It is no surprise that the world we live in still faces many racial issues that most politicians are afraid to do anything serious about. They’ll tout that they’re doing as much as possible, but the reality is a bit different.
Time and time again, racial scandals will pop up. It will be in the news for a couple of weeks, and it will then go away as if nothing had ever happened. Racial issues don’t seem to be the driving force in keeping special interest groups happy in the grand scheme of corporate profits and campaign donations.
We have written about it before. Inner-city schools face severe problems that can affect children’s development. It’s not just now but for the rest of their lives, more often with large black populations.
New Orleans and its demographics and black population aren’t saved from these various issues. It includes a substantially higher risk of exposure to lead paint, to mention one specific example. It’s true. If the paint is undamaged, it isn’t a threat. But how many buildings built in the 1950s have you seen with entirely intact paint?
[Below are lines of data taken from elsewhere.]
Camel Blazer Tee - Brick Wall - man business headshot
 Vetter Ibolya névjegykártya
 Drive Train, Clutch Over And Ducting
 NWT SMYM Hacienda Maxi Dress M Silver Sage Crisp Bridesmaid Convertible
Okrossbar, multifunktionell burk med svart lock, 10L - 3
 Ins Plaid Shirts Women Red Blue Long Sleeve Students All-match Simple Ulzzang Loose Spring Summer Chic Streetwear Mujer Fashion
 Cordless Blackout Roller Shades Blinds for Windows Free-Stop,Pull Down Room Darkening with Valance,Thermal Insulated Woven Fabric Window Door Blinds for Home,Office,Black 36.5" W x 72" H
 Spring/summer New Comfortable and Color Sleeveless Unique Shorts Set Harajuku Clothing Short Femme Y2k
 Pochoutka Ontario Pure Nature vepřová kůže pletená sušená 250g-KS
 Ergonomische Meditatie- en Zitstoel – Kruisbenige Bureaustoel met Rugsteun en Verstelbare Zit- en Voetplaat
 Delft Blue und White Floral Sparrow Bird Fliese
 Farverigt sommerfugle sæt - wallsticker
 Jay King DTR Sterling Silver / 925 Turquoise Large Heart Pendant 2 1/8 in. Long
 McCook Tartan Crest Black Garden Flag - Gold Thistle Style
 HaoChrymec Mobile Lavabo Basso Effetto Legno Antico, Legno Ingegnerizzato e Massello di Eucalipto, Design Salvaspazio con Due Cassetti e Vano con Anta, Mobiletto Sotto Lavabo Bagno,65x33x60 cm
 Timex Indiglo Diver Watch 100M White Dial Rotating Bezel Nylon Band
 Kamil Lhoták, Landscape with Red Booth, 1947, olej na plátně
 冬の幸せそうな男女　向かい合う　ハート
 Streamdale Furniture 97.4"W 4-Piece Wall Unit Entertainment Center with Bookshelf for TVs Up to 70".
Where is the black population going?
Look at the numbers from 2000 through 2018. You will see that the African American population of New Orleans has disproportionally shrank compared to the white population. The Hispanic population has grown marginally.
You will see that 231,147 African Americans were living in the city in 2,000. The number for 2018 was 323,392. That’s a drop of 92,245 or a drop of 28.5% of all African Americans.
In the same period, white Americans went from 128,871 to 120,240. It’s a total drop of 8,631 or a meager drop of 6.7%.
Both ethnicities saw drops in their overall numbers. It is unlikely that FEMA handled Hurricane Katrina differently because of the majority African American population. Many people became homeless during the hurricane. The hurricane efforts were focused on the neighborhoods of more substantial wealth that usually have higher percentages of white people living there.
The Lower Ninth Ward is known to have a larger percentage of lower-income families living in it. It was largely forgotten in the efforts to rescue the city, and they were the last ones to have their utilities restored.
No changes and no real efforts to create affordable housing
In the wake of a catastrophe, you would imagine the city would take action to address a catastrophe that significantly affected one part of the population. That hasn’t been the case.
There have been efforts to create affordable housing. One cannot reasonably think that these efforts are proportional to the problem at hand. With their $28M in funding, the politicians will claim that they’re doing what they can to provide affordable housing. The fact is that this relatively small amount of money will provide no more than 642 units of affordable housing. It’s a very small number relative to the number of dislocated people.
It must also be said that the existing affordable housing initiatives were mainly built before the 1950s. Therefore, they have a much higher likelihood of containing lead-based paint. It has the real consequence of affecting your child’s learning possibilities.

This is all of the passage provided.